Correct, that’s Weaviate adding some default config for you. You can change, improve, tweak, and update this, but that’s for a later expert guide.
Now, let’s add a second class called Publication. We will use to it store info about publication outlets like The New York Time or The Guardian.
Our Publication will contain one property:
name
: typestring
Run the below code in your application.
- Python
- JavaScript
- Go
- Java
- curl
import weaviate
import json
client = weaviate.Client("https://some-endpoint.semi.network/")

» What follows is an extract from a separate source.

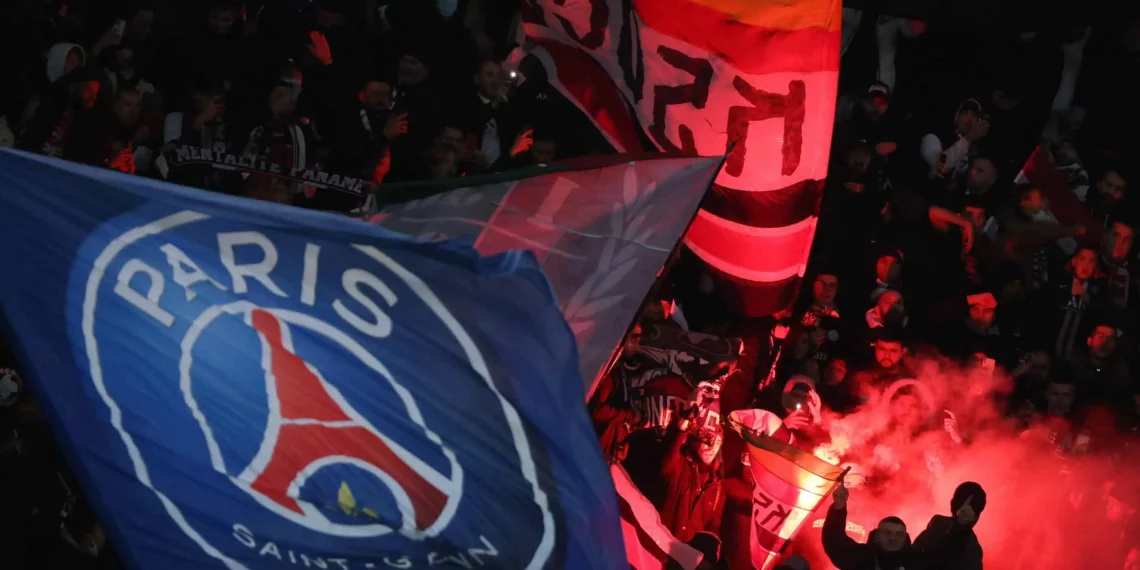 جماهير باريس سان جيرمان تهاجم  الاتحاد الفرنسي بسبب عدم احترامه للاعبين الصائمين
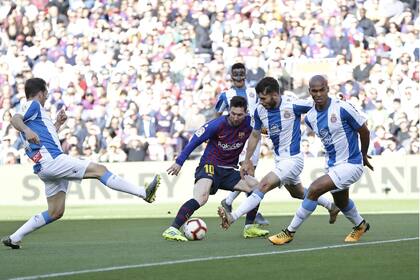 Messi, recuperado de la pubialgia, en acción en el derby catalán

# we will create the class "Publication" and the properties
# from the basics section of this guide
class_obj = {
"class": "Publication",
"description": "A description of this class, in this case, it is about publications",
"properties": [
{
"dataType": [
"string"
],
"description": "The name of the Publication",
"name": "name",
}
]
}
# add the schema
client.schema.create_class(class_obj)
# get the schema
schema = client.schema.get()
# print the schema
print(json.dumps(schema, indent=4))
const weaviate = require("weaviate-client");
// update the endpoint!
const client = weaviate.client({
scheme: 'https',
host: 'some-endpoint.semi.network/',
});
// we will create the class "Publication" and the properties
// from the basics section of this guide
var classObj = {
"class": "Publication",
"description": "A description of this class, in this case, it is about publications",
"properties": [
{
"dataType": [
"string"
],
"description": "The name of the Publication",
"name": "name",
}
]
}
// add the schema
client
.schema
.classCreator()
.withClass(classObj)
.do()
.then(res => {
console.log(res)
})
.catch(err => {
console.error(err)
});
// get and print the schema
client
.schema
.getter()
.do()
.then(res => {
console.log(res);
})
.catch(err => {
console.error(err)
});
package main
import (
"context"
"fmt"
"github.com/semi-technologies/weaviate-go-client/v4/weaviate"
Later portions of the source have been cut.